Représentations à l’infini

Quelles que soient leur spécificité et leur amplitude, les foires d’art sont, partout dans le monde, d’éphémères états des lieux de la création. Si leur vocation est essentiellement commerciale, elles permettent néanmoins d’entrapercevoir les préoccupations, les angoisses, les espoirs d’une partie de l’humanité à un instant précis. La tendance qui se dégageait l’année dernière avec une forte présence de « black portraits » semble s’être considérablement amplifiée cette année. L’œuvre de Pascal Konan, qui montre un corps à la fois soutenu par la communauté des autres corps et séparé d’eux, pourrait en être un symbole.

Le corps, et plus précisément le corps noir, est la figure centrale qui revient sans cesse dans la majorité des galeries exposantes de cette édition d’1-54. Corps de femmes, corps d’hommes, corps entiers, corps amputés, corps colonisés, corps assumés, corps transformés, corps magnifiés, corps contraints, corps quotidiens, il serait possible de prolonger la liste à l’infini tant il y a de manières de représenter notre enveloppe charnelle. D’autant que les artistes contemporains ne s’interdisent aucun média : si la peinture domine largement, le corps est aussi abordé par la photographie, le collage, le tissage, le dessin et, plus rarement, la sculpture. Certains n’hésitent pas à mélanger les moyens d’expression, la broderie s’invitant souvent dans la peinture, et la peinture elle-même n’hésitant pas à s’imposer à la photographie.

Effet de rattrapage

Sans doute faut-il voir dans cette abondance de corps réalistes un effet de mode – le succès commercial de peintres comme la Britannique Lynette Yiadom-Boakye ou le Ghanéen Amoako Boaffo ayant peut-être inspiré certains créateurs.

Sans doute faut-il y voir, aussi, un effet de rattrapage. Pendant des années, le corps noir a été exclu d’une histoire de l’art dominée par l’Occident. Pour le moins, placé à sa périphérie, tantôt sujet subalterne, tantôt projection exotisante et érotisante d’artistes occidentaux voyageurs, comme l’a bien montré l’exposition Le modèle noir de Géricault à Matisse au Musée d’Orsay, à Paris, en 2019. Désormais, avec force et détermination, l’individu noir n’est plus objet mais sujet, il s’affirme et clame fièrement son existence.

Rendre le regard

Présenté par la galerie Éric Dupont, le Béninois Roméo Mivekannin se place dans cette perspective avec sa série sur les « modèles de l’histoire de l’art ». Reprenant des toiles célèbres de l’histoire comme Le repos des modèles (1905) de Felix Vallotton, ou Janissaire et Eunuque (1876) de Benjamin Constant, l’artiste les réinterprète à sa manière en redonnant un regard à ceux qui en ont été privés.

« Souvent, ces toiles sont des projections de l’Occident sur l’Orient, et les Africains qui y sont représentés ne jouent qu’un second rôle, dit-il.
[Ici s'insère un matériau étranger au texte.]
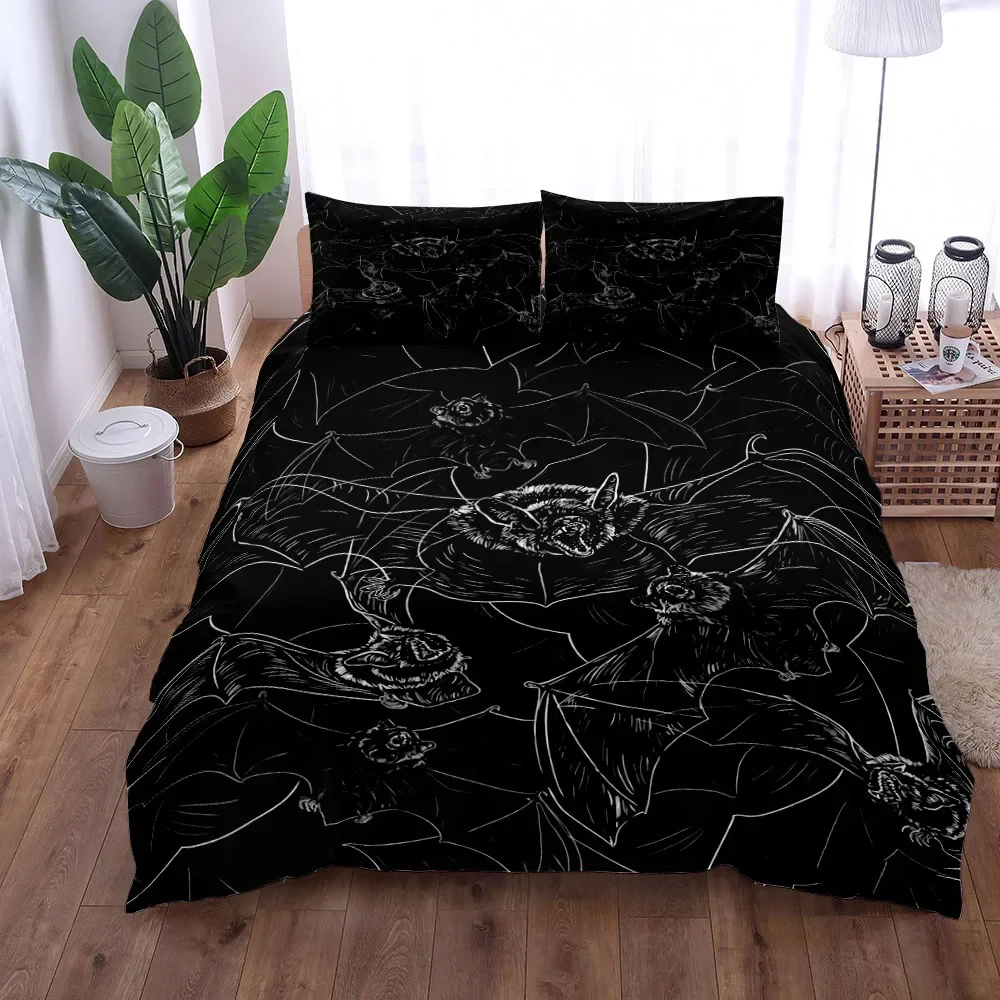 3D Gothic Bats Black Duvet Cover Set King Queen Double Full Twin Single Size Duvet Cover Pillow Case Bed Linen Set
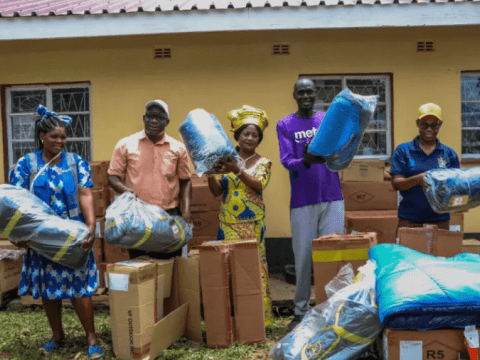 People receiving packages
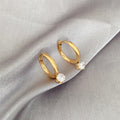 DAICY 2023 Fashion 18k Gold Plated Stainless Steel Hoop Dangle Zircon Diamond Earings Jewelry Women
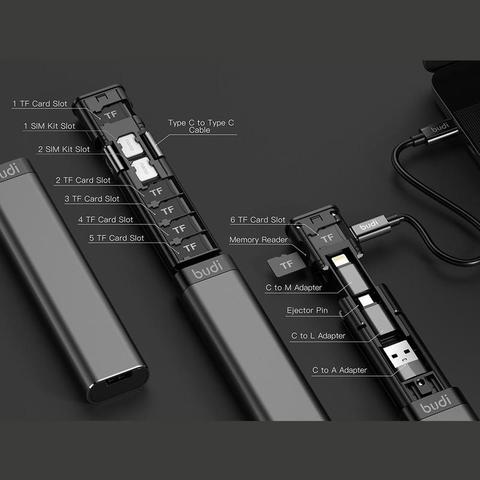 BUDI multi-fonction adaptateur intelligent carte stockage données câble USB boîte universelle 15w chargeur sans fil pour iPhone Huawei portable ► Photo 1/6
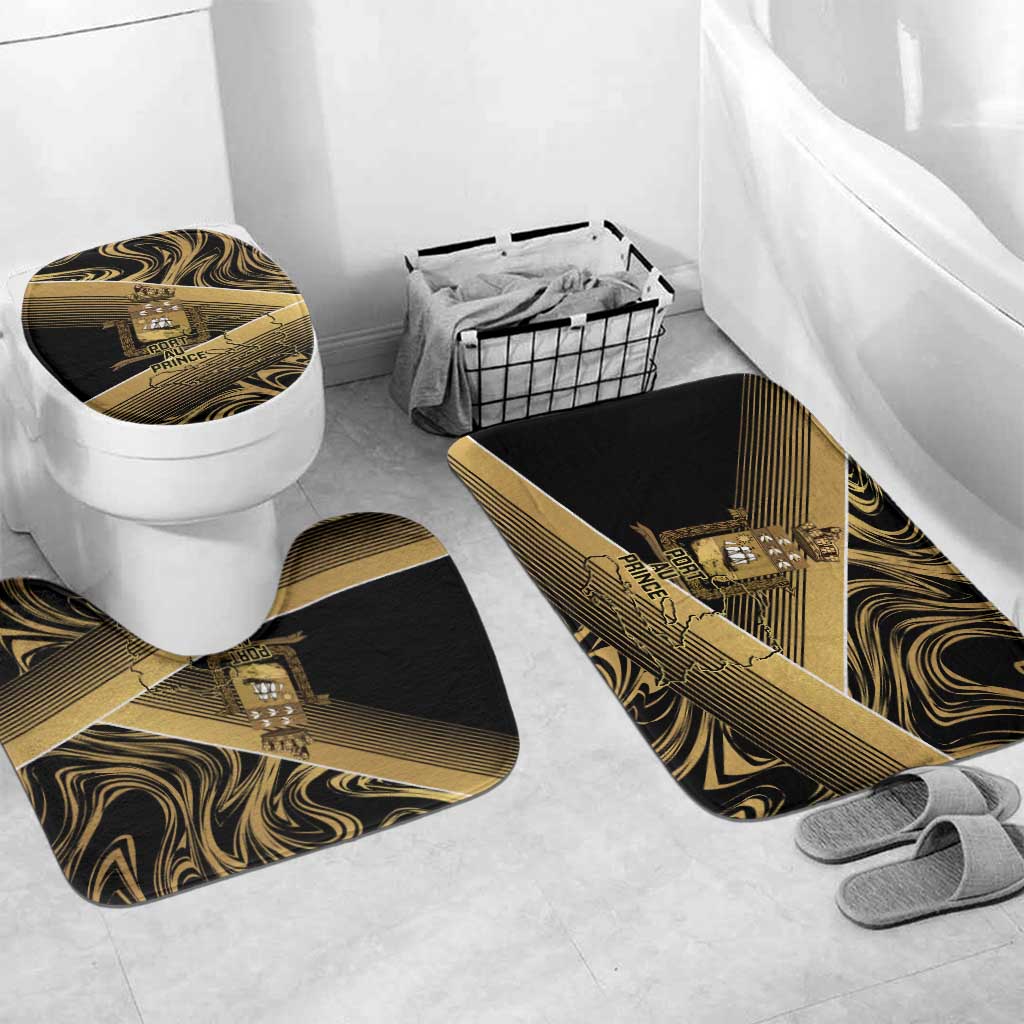 Port-au-Prince Afro-Haitians Bathroom Set Ayiti Map Pòtoprens Gold Color - African Pride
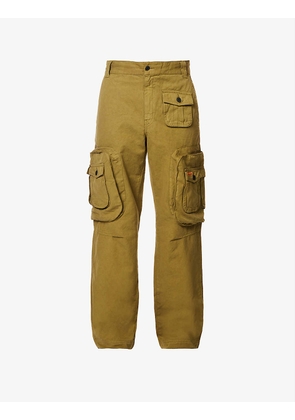 Pocketed regular-fit straight-leg cotton-blend cargo trousers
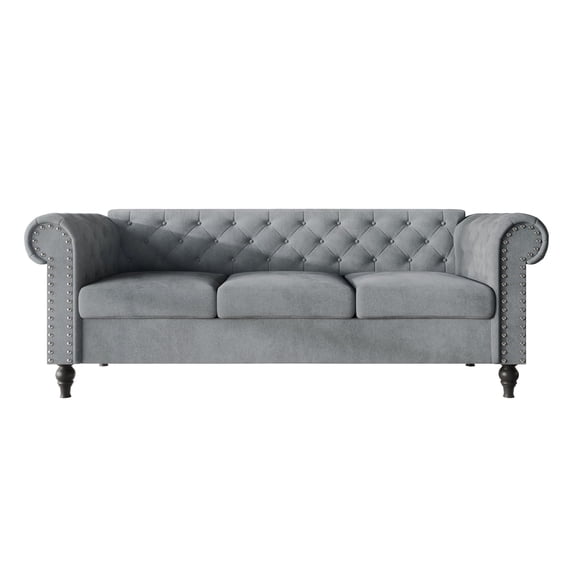 Home Design Kelso Velvet Rolled Arm Sofa with Deep Button Tufting, Nailhead Trim and Turned Legs, Gray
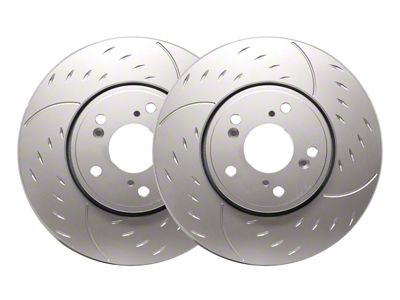 SP Performance Diamond Slot 8-Lug Rotors with Silver ZRC Coated; Front Pair (11-12 4WD F-250 Super Duty)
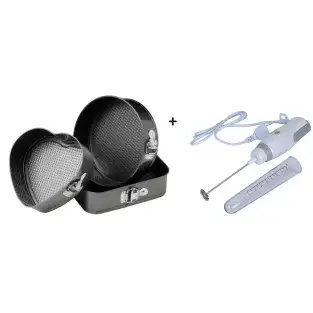Oferta speciala: Set 3 forme pentru prajituri - forma rotunda, patrata si inima + Mixer de frappe electric cu cana gradata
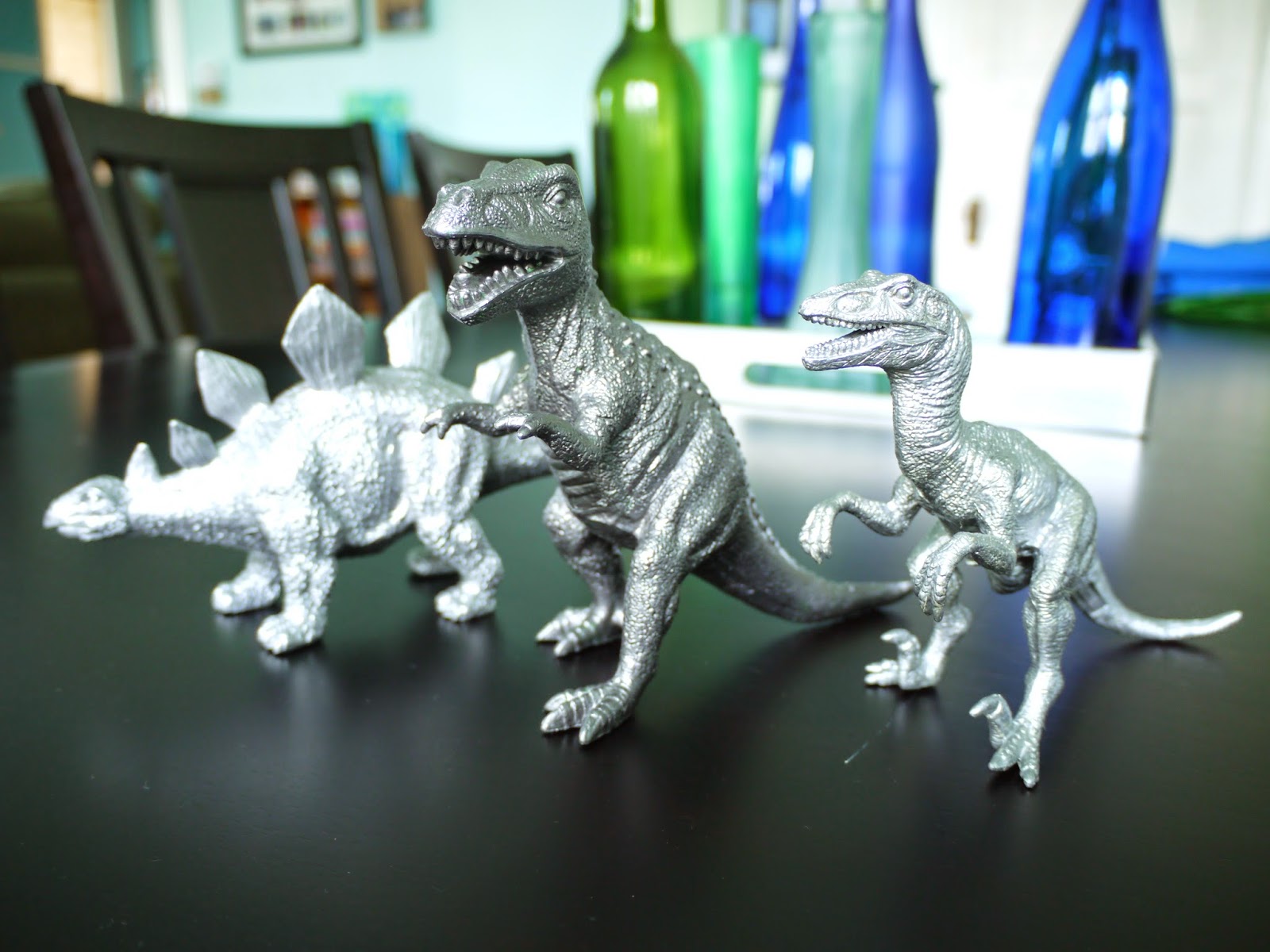 Bumps Along the Way Dollar Decorating turning toy dinosaurs into decor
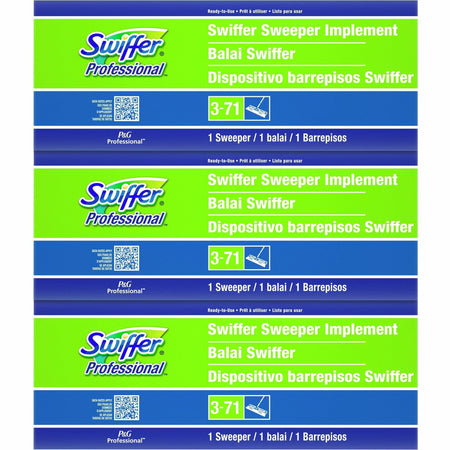 Swiffer Professional Sweeper - 10" Width Head - Swivel Head, Lightweight - Green - 3 / Carton
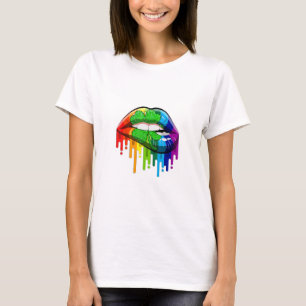 T-shirt Lèvres arc-en-ciel avec 4 feuilles de trèfle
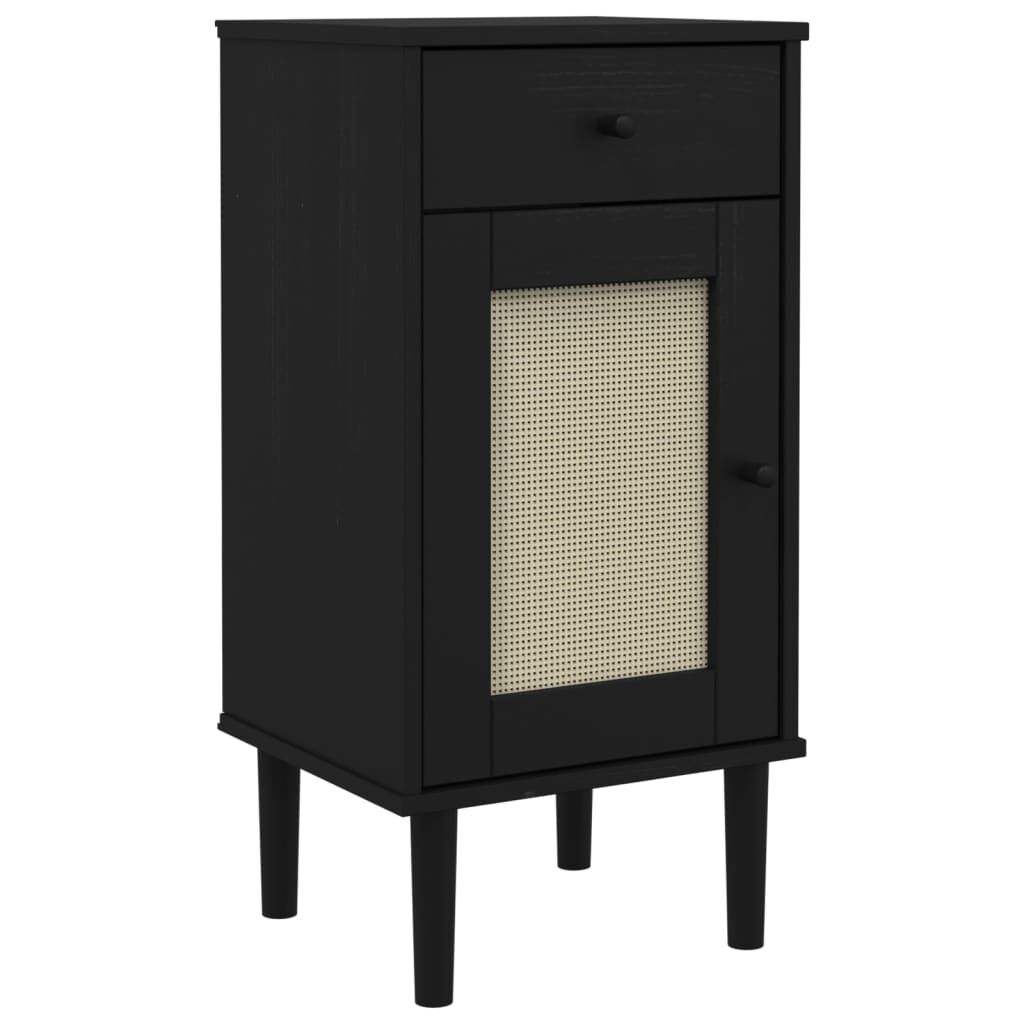 vidaXL Κομοδίνο SENJA Μαύρο Όψη Ρατάν 40x35x80εκ από Μασίφ Ξύλο Πεύκου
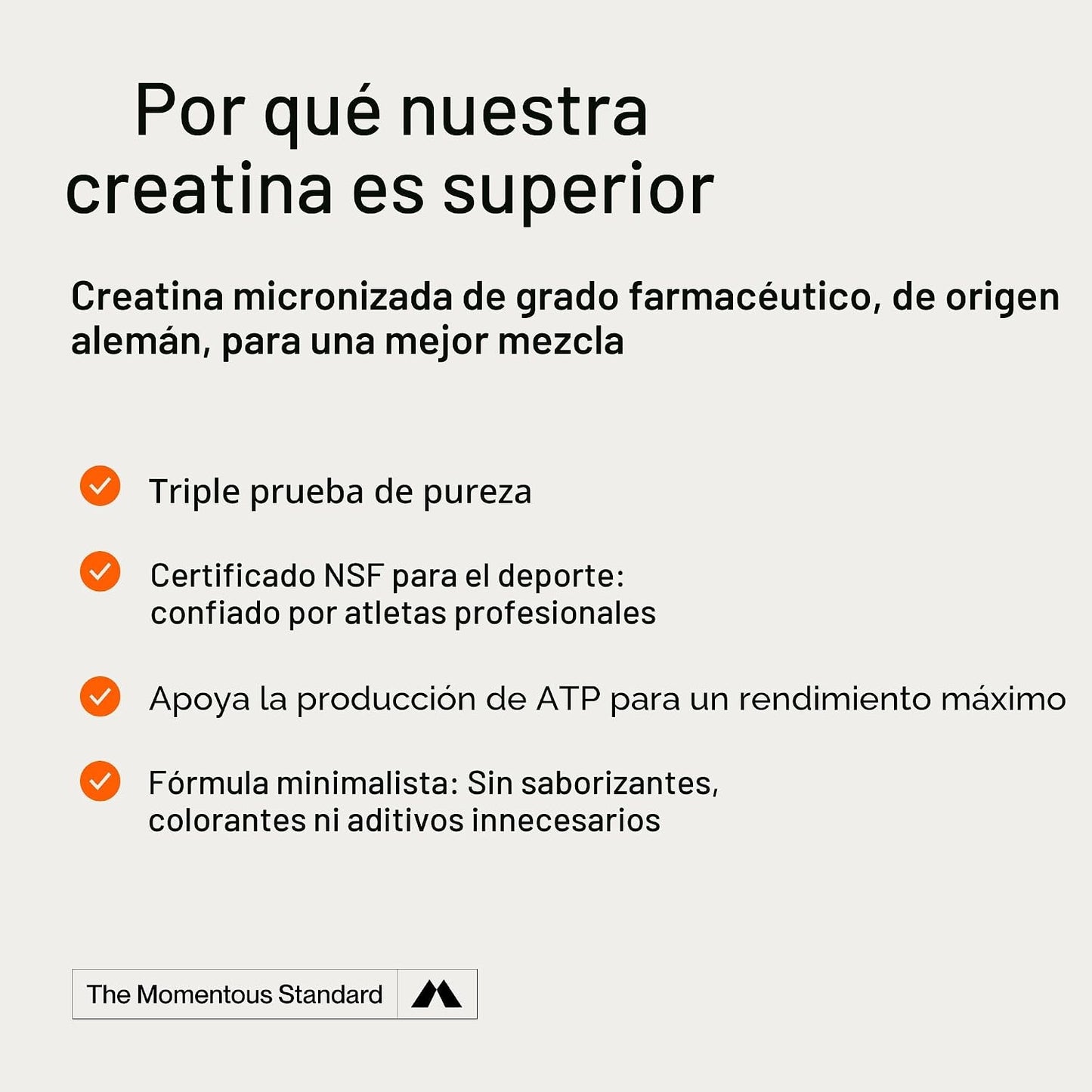 Momentous Polvo de monohidrato de creatina, polvo de creatina, apoy...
Me sentant souvent à la fois d’ici et d’ailleurs, j’ai voulu raconter une contre-histoire, montrer la construction du cliché. » Aux corps qu’il peint d’après des modèles anciens, il a souvent donné son propre visage. « Ce sont pour la plupart des autoportraits, il y a quelque chose de moi dans le regard, explique-t-il. J’essaye de donner à voir un regard plutôt qu’un corps dominé. »

Femmes indigo

Ce genre de regard, où s’expriment la fierté, l’indépendance, la liberté, les doutes parfois, nombre de peintres le cherchent avec plus ou moins de succès. C’est notamment le cas de l’Ougandaise Stacey Gillian Abe (Galerie Unit London) et ses portraits de femme indigo relevés de fines broderies.

Même chose chez Giana de Dier (Galerie Krystel Ann Art), artiste née en 1980 au Panama, qui à travers ses collages, rend hommage aux Afro-Caribéens employés à la construction du Canal de Panama, au début du XXe siècle. Souvent, pour ne pas dire la plupart du temps, le corps représenté est politique. Il raconte une histoire d’oppression – raciale, patriarcale – et s’affirme dans toute sa résilience.

Sankara, Fela, Mandela, Nkrumah…

Avec sa série Icons in the White House, le Nigérian Ayogu Kingsley (né en 1994) va même jusqu’à représenter de grandes figures de l’histoire africaine ou africaine-américaine comme Frantz Fanon, Chinua Achebe, Winnie Mandela, Malcolm X. Sur une même toile, il ose rassembler Thomas Sankara, Fela Anikulapo Kuti et Kwame Nkrumah. Une forme de célébration a posteriori de personnages unanimement célébrés qui n’a rien de révolutionnaire aujourd’hui.

Pastiche grinçant

D’autres artistes utilisent la peinture du corps pour jeter le trouble, interroger notre rapport au monde, à l’autre, à l’histoire. Dans un pastiche grinçant de la Leçon d’anatomie (1632) du Néerlandais Rembrandt, le Congolais Amani Bodo propose une Leçon d’anatomie sur la croissance de l’Afrique (galerie Primo Marella) représentant des chirurgiens blancs en train de disséquer une statuette africaine !

Chez The African Art Hub (TAAH), galerie en ligne, le Nigérian Ibrahim Bamidele reprend lui aussi des codes européens – ceux de l’icône sacrée – en intégrant des personnages albinos dans d’étranges scènes bibliques sur décor saturé de wax. Parfois, l’approche est plus douce, comme chez la Sud-Africaine Leila Rose Fanner qui représente des femmes à tête de fleurs dans des tableaux oniriques faisant la part belle à la nature et à la spiritualité (Faerie Tales Series, Galerie Carole Kvasnevski).

De manière assez surprenante, on notera que la peinture du corps ne donne lieu à aucune outrance ou provocation. La plupart du temps, il s’agit pour les artistes de s’affirmer en tant qu’individu, d’exiger dignité et reconnaissance. Le sexe ? La violence physique ? Alors qu’ils dominent notre présent, ils ne sont guère représentés ici. La foire 1-54 reste bien sage, voire politiquement correcte.

Au cœur de la lumière

Tant de corps rassemblés dans les allées de Somerset House font inévitablement passer les artistes qui travaillent l’abstraction pour des originaux. C’est notamment le cas du Marocain Amine El Gotaibi (MCC gallery, Marrakech) qui a disposé dans la cour du bâtiment douze structures métalliques géométriques, inspirées par la forme des graines de grenade, à l’intérieur desquelles il est possible d’entrer. Titré « Illuminate the light », l’œuvre s’illumine à la nuit tombée – autre façon d’aller à l’encontre des stéréotypes sur les « ténèbres », souvent accolés à l’image du continent.